Sunday, December 7, 2008

The Most Twinkliest Time of the Year

As is our wont, Matt & I bought our tree and put up the Christmas decorations the weekend after Thanksgiving. My official, prudential, mature reason for this is that if we're going to shell out the ooftish for a tree, we obviously want to get our full money's worth for it--from Thanksgiving weekend through 12th Night.

The true (somewhat embarrassing) reason is that I really, really like the twinkliness and want to get out the sparkle as early as possible every year. And Matt, who endures these rituals with stoic forbearance, lets me.

We've expanded our efforts this year. Matt's work threw out a bunch of strings of C9 lights. Some were quite crapped out; others were still in their boxes, oddly enough. So this year, we were able to wrap some trees in lights in addition to our garland, wreaths, and faux-luminaries. These C9s, though. I'd never used them before. My people were always strictly mini-lights people. Restrained. Modest. Understated. Consequently, these huge, oversized lights look either naive or ironic to me. They're so big and kitschy and jovial and 1950s-ish. Cartoonish, if you will.

C9 string lights

They are also really, exceedingly, startlingly bright.

Whoa. Massive pillars of light. You could read a book by the light from our pecan tree.

In other news, we went to Janice's wedding in Houston on Saturday. Janice is an old friend from Hort Club back at A&M. She had a lovely ceremony, the highlight of which, for me, was the diminuative usher who must have been all of 7 years old asking us with perfect solemnity and gentlemanliness if he could take us to our seats. It was great to see Janice again, whom I haven't seen in years, and who is exactly as I remember her, and also very nice to get to meet her charming new husband, Michael.

I was also reminded, as I always am when I drive down to Houston or Louisiana, of how much I miss the Gulf Coast. Even by Sealy or Columbus, neither of which are especially close to the Gulf, you can start to see the landscape taking on a more coastal look. I'm very fond of Austin in so many ways, but at heart I'm still a girl of the coastal plains--flat, green, wet, alluvial lands with thick, sinewy live oaks and towering cumulus clouds. Although I'm nowhere near them on that stretch of I-10, that geography always calls to mind marshes and shrimp boats and egrets and briny air.

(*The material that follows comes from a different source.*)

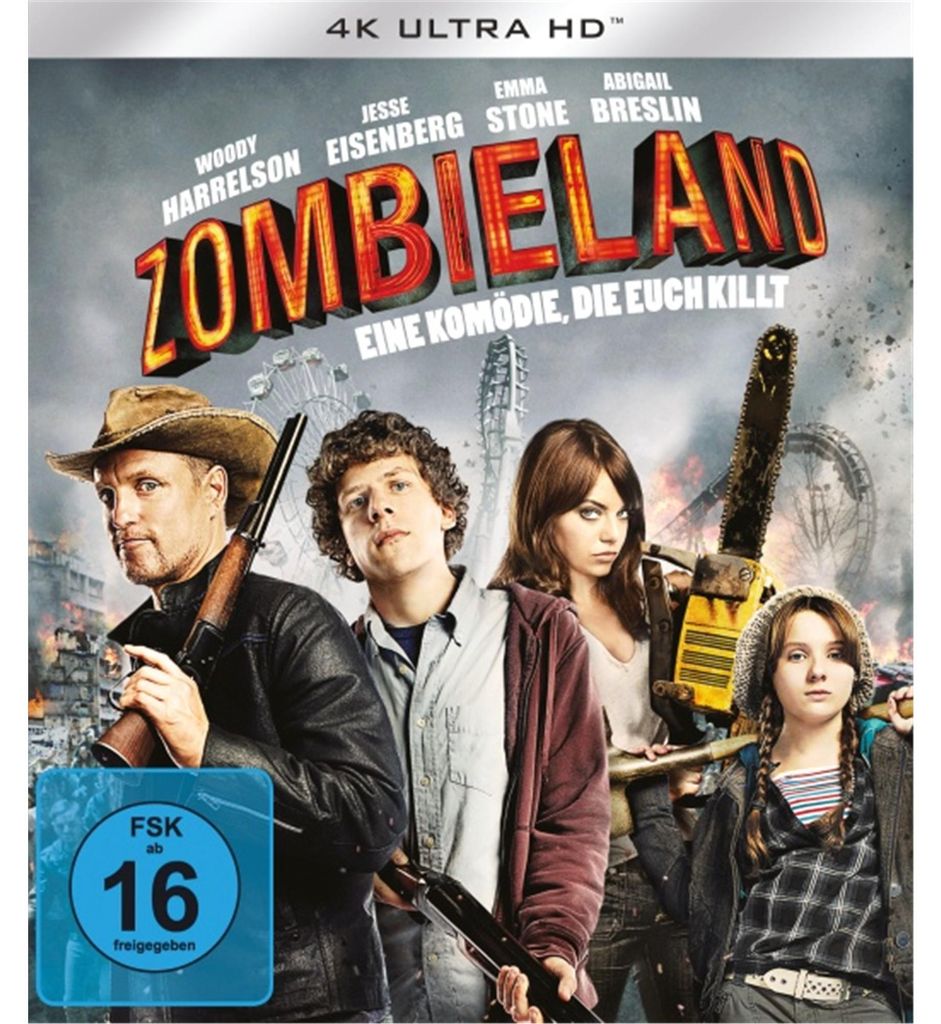 PLAION Zombieland (4K-UHD), Film, Blu-ray, Deutsch, Englisch, Französisch, Italienisch, Spanisch, 88 min, Zombieland, Horror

...Which is what always makes it such a surprise to find myself suddenly whisked away to the immortal glades of Arcadia.

Sealy's astonishing golden god/dess

Somewhere near Sealy, the owner of what I think is a cement yard art store has set up this... phenomenon, which defies categorization. Those are larger-than-life golden unicorns, pulling a chariot containing a heroic winged personage of indeterminate gender--muscular, yet more curvaciously endowed in the chest region than your average man. Sort of a hybrid of Athena and Helios. We exited and looped around in order to study this work in greater detail, and to snap the picture (on a cameraphone--sorry for the quality). I think of it as Manthena, the Hermaphrodite God(dess) of Wise and Just War in the Sunshine. Every time I ponder the time, cost, and effort of this project, my mind boggles. Even assuming that it's just tin covered in gold paint, this is still an undertaking so monumental yet preposterous yet somehow perversely admirable that it beggars all attempts to contain it in language.

And finally, because it's a good time of year for excess, we are currently prepping for a holiday dinner with the Ks. They're making a "Flaming Feast" (consisting entirely of food on fire--even including the salad), and we're to bring the dessert. From various recipes online, I've cobbled together something I'm calling "Ragnarok: a Meditation in Four Elements." (It's actually a tarted up Bombe Alaska, but I like my name better.) It's made of genoise cake, dark chocolate ice cream, coffee parfait, and meringue. Earth will be represented by the chocolate ice cream and by the cake, which didn't rise properly. Air will be provided by the many forms of whipped egg whites and whipped cream in the dish. Water will be present (sort of) in the form of rum, and for the fire, we're using, well, fire. Matt, who is amused but doubtful, will be standing by with a fire extinguisher.

2 comments:

Anonymous said...

There can surely be only one of the unicorn/god/ess things in all of Texas. Lucy, Karen and I saw it at the old grain silos in Katy about a year ago. The place was a wonderland of antiques, freaky, weird, vulgar, and downright stupid things! You know, like the larger than life fiberglass Blues Brothers! Some things straight from Hollywood.

Ladonna

Elgin_house said...

Perhaps they made casts of the god/dess and her celestial team of golden unicorns? You know, to meet the demand of all the people who want giant, inexplicable, larger-than-life, faux-gold statue groupings for their front yard.